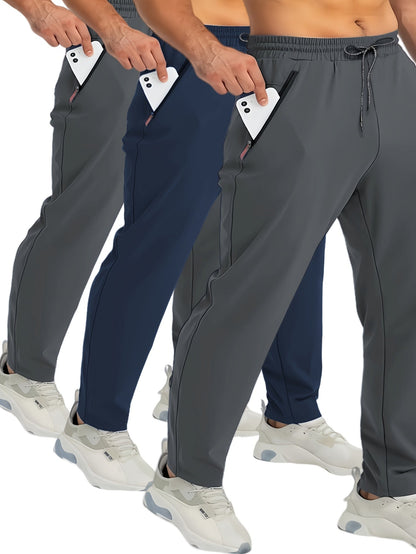 Set pantaloni da jogging uomo – comodi pantaloni sportivi casual con tasche con cerniera per tutti i giorni, sport e tempo libero
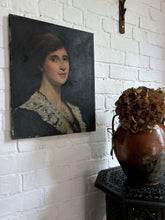 Load image into Gallery viewer, French 19th Century antique dark portrait oil painting on canvas
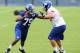 EAST RUTHERFORD, NJ - MAY 11: Demontre Moore #79 of the New York Giants runs through a drill during the New York Giants Rookie Camp on May 11, 2013 at the Timex Performance Center in East Rutherford, New Jersey. (Photo by Elsa/Getty Images)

......

Task goal: With the images omitted, return the full material exactly.

Solution to this problem:
 Set pantaloni da jogging uomo – comodi pantaloni sportivi casual con tasche con cerniera per tutti i giorni, sport e tempo libero
 Load image into Gallery viewer, French 19th Century antique dark portrait oil painting on canvas
 EAST RUTHERFORD, NJ - MAY 11: Demontre Moore #79 of the New York Giants runs through a drill during the New York Giants Rookie Camp on May 11, 2013 at the Timex Performance Center in East Rutherford, New Jersey. (Photo by Elsa/Getty Images)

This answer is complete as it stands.